Trans Ethiopia
- Full name: Trans Ethiopia
- Founded: 1975
- Ground: Tigray Stadium Tigray, Ethiopia
- Capacity: 10,000
- Owner: Trans Ethiopia PLC
- Chairman: Gebremeskel Gebru
- Manager: Sewenet Beshaw
- League: Ethiopian Premier League
- 2006/07: 13
| Home colours |

= Trans Ethiopia =

Association football club in Ethiopia

Trans Ethiopia (Amharic: ትራንስ ኢትዮጵያ) was a professional Ethiopian football club based in north Mek'ele. They were a member of the Ethiopian Football Federation and played in the national league (now the Higher League), the second division of Ethiopian football.

== History ==
The club formerly played in the Ethiopian Premier League, the top division of Ethiopian football.
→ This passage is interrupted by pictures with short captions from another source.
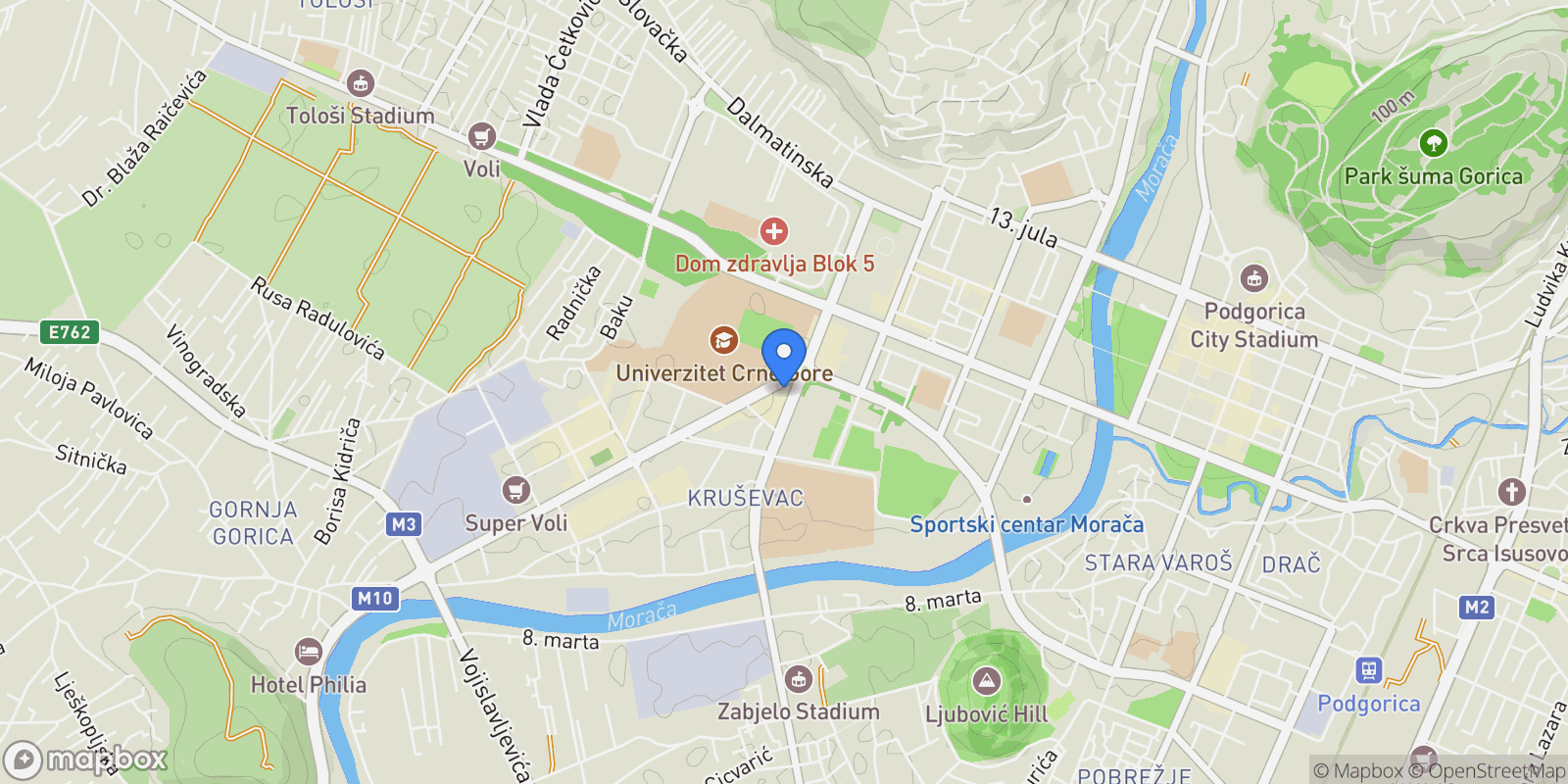 Map showing Capital Plaza, Podgorica, Podgorica, Podgorica Municipality, Montenegro.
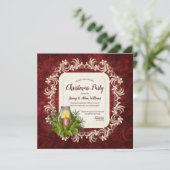 ろうそくエレガントのクリスマスパーティー付き濃い赤 招待状 (スタンド正面)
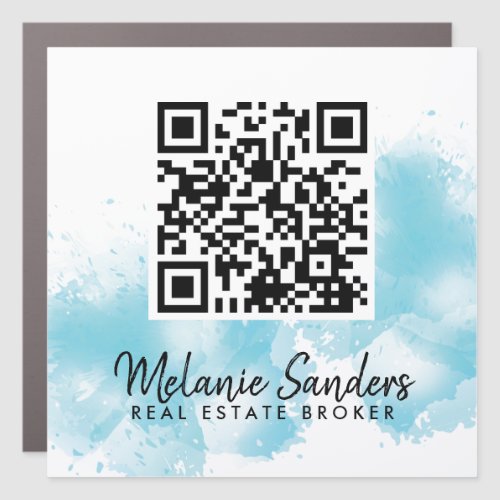 Blue Watercolour REAL ESTATE QR Code Car Magnet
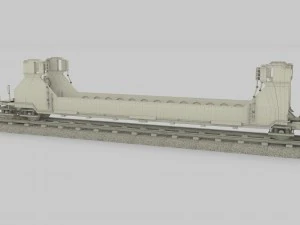 brown train well car 3D Model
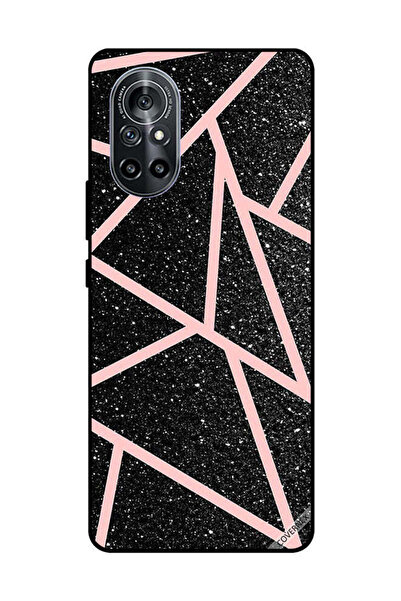 Covernex غطاء حماية لهاتف هواوي نوفا 8 5G، أسود لامع، بنقشة مسارات وردية فاتحة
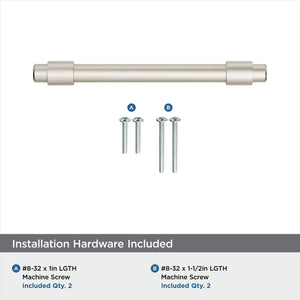 Amerock Cabinet Pull Satin Nickel 3-3/4 inch (96 mm) Center-to-Center Destine 1 Pack Drawer Pull Cabinet Handle Cabinet Hardware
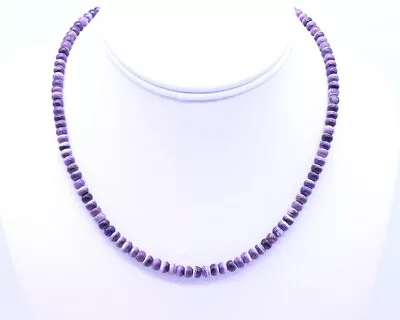 6mm Plum Purple Wampum Quahog Shell Beaded Rondelle Bohemian Gemstone Necklace • $206.50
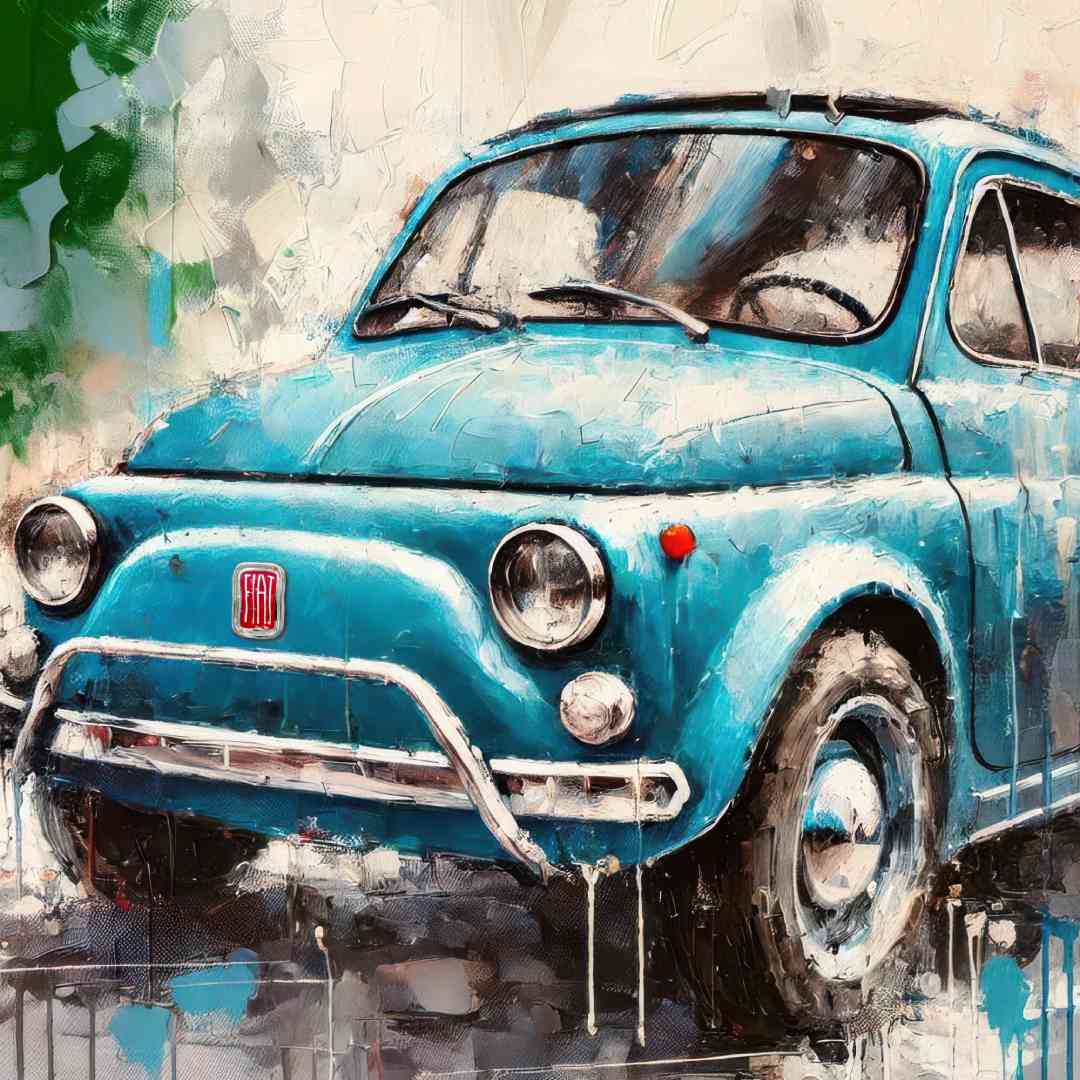 quadro moderno fiat 500 vintage blu bandiera italiana tela ravvicinata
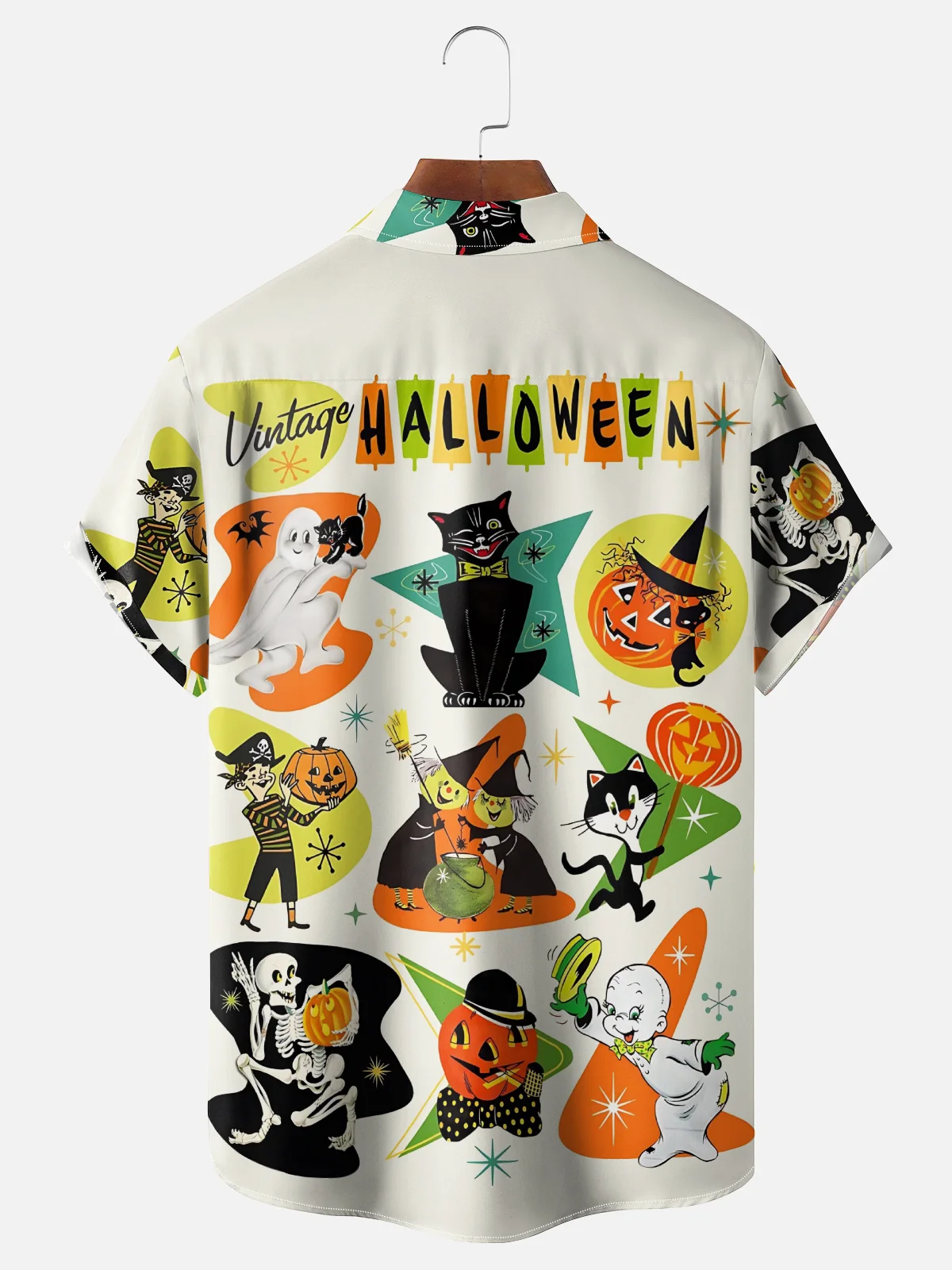 Moisture-wicking Vintage Halloween Cat Chest Pocket Casual Shirt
It is one of an only handful of Premier League clubs to have a golden boot winner in its side. They played in the Ethiopian second division also known as Ethiopian National League. Trans is the most successful football club to represent Tigray in the Ethiopian Premier League, finishing number of times in the top four. In the 2008–09 season they are struggling. They have escaped relegation the previous season 2008/09 but now they have made bright start to the 2009/10 season.

== Stadium ==
Their home stadium is Tigray Stadium also known as Balloni.

== Support ==
Their biggest rival is Guna Trading FC, which are from the south of Mekelle and more urban area.